砂煙の中から現れた姿に、迅は呆然と呟いた。


「どう……して………」


訳が解らなかった。


先程までファミレスの料理をつつきながら、会話に花咲かせていた恩人が。

互いに近況などを話して、可笑しく笑っていたはずの人が。


師と生徒、敵と敵。全く違う場所、全く違う立場で、2人はこうして今、向かい合っている。


一方の井出も、今迅が発した声に、自分が対峙しているレッドマスクの正体に気づいたようだった。


「まさか……風上君か!?」


「井出先生……」


呆然としつつ、迅はマスクを外した。


変身が解け、レッドマスクの執事(バトラー)が、ちょっと目付きが悪いだけの、有り触れた高校生の姿を象った。


「風、上君……まさか、そんな……」


「先生……先生がどうして、こんなところに……!?」


「君こそ……」


互いに、あるはずがない―――否、あっていいはずがないのだと、呆然とそんなことを幾度も譫言(うわごと)のように呟く。
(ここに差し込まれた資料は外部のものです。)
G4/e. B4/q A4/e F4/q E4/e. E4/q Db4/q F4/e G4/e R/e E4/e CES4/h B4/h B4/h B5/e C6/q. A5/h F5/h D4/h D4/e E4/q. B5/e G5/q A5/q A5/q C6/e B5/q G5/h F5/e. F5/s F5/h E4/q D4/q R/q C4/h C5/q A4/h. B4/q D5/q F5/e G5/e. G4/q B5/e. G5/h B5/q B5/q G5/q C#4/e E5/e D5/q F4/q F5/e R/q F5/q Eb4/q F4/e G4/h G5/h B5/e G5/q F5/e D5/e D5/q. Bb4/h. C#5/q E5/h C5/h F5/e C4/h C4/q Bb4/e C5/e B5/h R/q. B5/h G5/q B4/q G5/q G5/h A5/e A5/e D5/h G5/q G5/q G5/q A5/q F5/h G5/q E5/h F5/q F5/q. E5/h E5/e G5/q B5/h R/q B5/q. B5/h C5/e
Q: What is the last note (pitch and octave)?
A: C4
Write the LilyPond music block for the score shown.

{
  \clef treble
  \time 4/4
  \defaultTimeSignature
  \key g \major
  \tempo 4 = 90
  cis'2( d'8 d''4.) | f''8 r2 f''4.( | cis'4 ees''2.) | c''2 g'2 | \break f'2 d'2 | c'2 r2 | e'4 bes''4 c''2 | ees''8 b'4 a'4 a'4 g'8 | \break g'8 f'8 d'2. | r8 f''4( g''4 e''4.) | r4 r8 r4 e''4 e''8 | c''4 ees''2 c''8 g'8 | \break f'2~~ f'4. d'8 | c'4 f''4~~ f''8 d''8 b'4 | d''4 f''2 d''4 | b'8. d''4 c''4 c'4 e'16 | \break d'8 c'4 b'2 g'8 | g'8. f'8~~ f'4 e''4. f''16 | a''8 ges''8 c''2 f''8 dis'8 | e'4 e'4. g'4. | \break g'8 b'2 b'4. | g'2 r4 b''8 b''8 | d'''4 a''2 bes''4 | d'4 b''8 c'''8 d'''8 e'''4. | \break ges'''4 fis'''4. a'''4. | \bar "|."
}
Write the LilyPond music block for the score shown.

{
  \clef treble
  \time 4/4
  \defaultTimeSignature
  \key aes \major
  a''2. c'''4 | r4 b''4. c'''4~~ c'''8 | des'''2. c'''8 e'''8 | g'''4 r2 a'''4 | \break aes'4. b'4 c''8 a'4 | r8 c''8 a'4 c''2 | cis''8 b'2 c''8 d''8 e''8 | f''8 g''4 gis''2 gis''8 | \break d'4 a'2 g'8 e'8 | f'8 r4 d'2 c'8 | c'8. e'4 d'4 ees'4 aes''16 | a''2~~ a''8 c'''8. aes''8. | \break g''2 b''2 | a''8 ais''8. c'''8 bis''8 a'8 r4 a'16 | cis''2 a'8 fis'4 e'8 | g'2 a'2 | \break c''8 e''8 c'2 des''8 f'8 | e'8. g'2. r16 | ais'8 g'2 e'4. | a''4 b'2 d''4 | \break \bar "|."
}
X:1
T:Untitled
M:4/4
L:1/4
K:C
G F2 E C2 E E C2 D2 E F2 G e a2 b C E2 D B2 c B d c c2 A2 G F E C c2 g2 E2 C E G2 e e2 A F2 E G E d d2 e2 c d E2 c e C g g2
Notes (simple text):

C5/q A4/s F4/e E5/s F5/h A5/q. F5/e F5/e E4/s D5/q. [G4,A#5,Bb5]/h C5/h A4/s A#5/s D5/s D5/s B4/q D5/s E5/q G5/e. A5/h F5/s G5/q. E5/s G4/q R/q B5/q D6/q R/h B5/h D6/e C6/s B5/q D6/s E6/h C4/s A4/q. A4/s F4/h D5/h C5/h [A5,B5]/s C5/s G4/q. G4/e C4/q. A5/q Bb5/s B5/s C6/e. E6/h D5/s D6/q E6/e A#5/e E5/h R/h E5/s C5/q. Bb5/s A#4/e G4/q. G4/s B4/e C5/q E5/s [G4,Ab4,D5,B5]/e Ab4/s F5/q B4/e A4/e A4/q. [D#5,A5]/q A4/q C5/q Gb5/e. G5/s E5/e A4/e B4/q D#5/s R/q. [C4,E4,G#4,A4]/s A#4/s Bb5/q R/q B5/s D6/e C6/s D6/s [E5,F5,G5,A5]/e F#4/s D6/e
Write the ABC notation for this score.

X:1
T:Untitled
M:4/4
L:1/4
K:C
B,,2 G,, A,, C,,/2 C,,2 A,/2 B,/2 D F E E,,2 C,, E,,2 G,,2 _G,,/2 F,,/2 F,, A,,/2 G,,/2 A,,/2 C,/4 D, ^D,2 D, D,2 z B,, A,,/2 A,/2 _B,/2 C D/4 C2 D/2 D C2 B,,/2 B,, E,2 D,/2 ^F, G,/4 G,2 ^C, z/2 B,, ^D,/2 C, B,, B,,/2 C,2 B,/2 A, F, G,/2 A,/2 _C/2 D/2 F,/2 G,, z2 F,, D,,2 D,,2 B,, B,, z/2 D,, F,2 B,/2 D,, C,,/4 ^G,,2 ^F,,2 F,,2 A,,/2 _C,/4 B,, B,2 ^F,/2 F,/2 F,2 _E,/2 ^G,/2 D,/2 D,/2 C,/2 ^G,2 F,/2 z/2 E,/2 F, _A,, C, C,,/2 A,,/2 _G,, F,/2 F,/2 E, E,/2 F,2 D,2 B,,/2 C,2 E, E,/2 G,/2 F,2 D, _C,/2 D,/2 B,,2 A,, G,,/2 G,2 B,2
否。目の前の現実を、ただ認めたくなかっただけなのかもしれない。


鈴奈が言っていたではないか。マスカレイドに選ばれる人間は、完全にランダムだと。


ならば、その不特定多数の中から選ばれたたった2人が、師と弟子の関係であることが―――如何に選別が無作為であるにしろ―――有り得ないことだろうか。


確率は低くはあろう。が、決して0ではないのだ。


「いろいろと……話す必要がありそうだな」


「……そうですね」


暫しの間互いに呆然と向き合って、漸く口を開くことの出来たのは、それからややあった後のこと。


2人は互いにやりきれない思いをその視線に滲ませて、その場はゲームをログアウトする。


次の日曜日。また、あのファミレスで出会う約束を交わして。







☆★☆★☆★☆







「……馬鹿ね」


「また随分ばっさりといくな」


井出との邂逅を果たしたあの日から、数日。

珍しく放課後に顔を合わせた迅と鈴奈は、ファミレスの席に向かい合うようにして腰を下ろしていた。


会ったのは偶然―――と、いうわけではなかった。

迅が教室を出る時、鈴奈が入り口で彼を待っていたのだ。


そのまま彼女に引きずられるようにして訳も解らぬまま教室を後にした迅は、気が付けばこのファミレスの席にいて、こうして彼女と対峙していた。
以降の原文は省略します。